__Instructions for the task__
Your output should be exactly the lines from the one containing "Saikon Aite no" through the final line of the following data, please, with no pictures.

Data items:
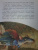 Алексей Толстой: Золотой ключик, или Приключения Буратино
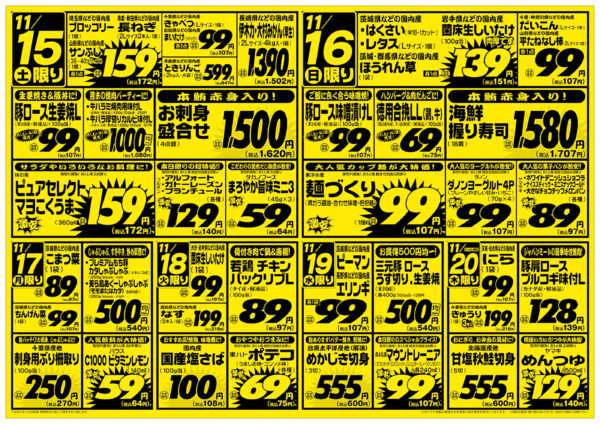 2025年11月15〜21日まで11/15号new-2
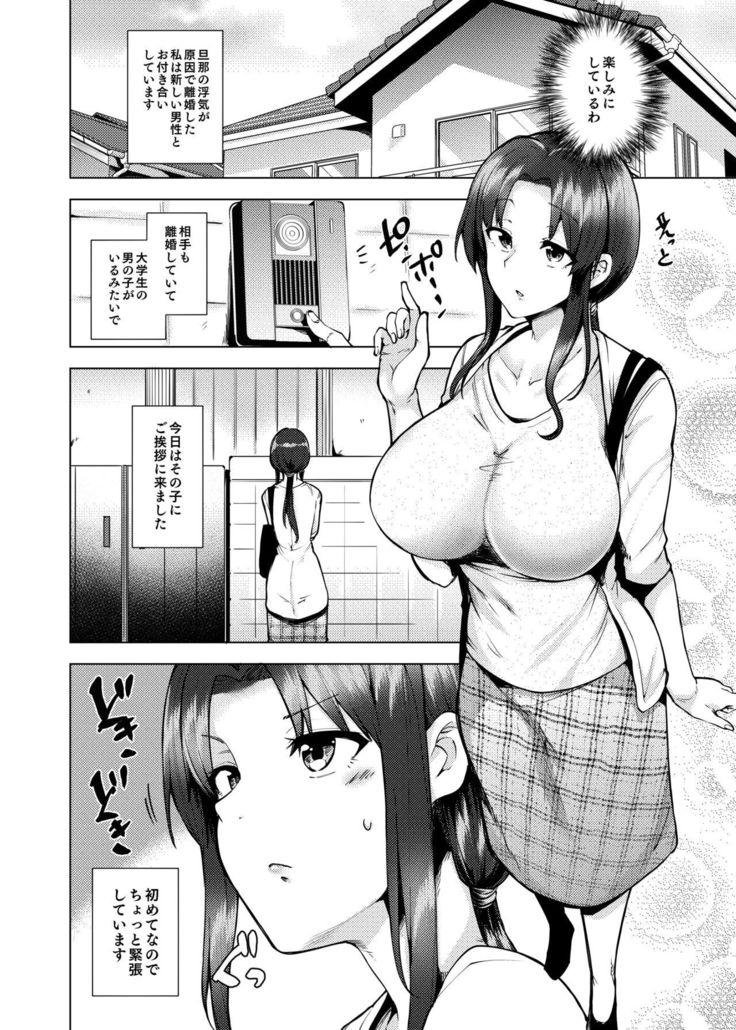 Saikon Aite no Musuko wa Mukashi, Watashi o Okashita Anoko deshita
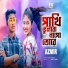 RA Azmir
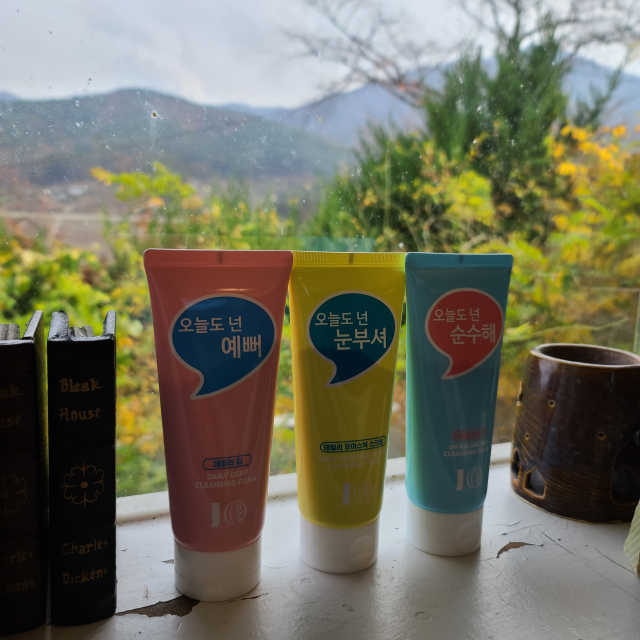 IO 아이오 오늘도 넌 클렌징폼 - 3종세트 with 에코백 리뷰 사진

__Output of the exercise__
 Saikon Aite no Musuko wa Mukashi, Watashi o Okashita Anoko deshita
 RA Azmir
 IO 아이오 오늘도 넌 클렌징폼 - 3종세트 with 에코백 리뷰 사진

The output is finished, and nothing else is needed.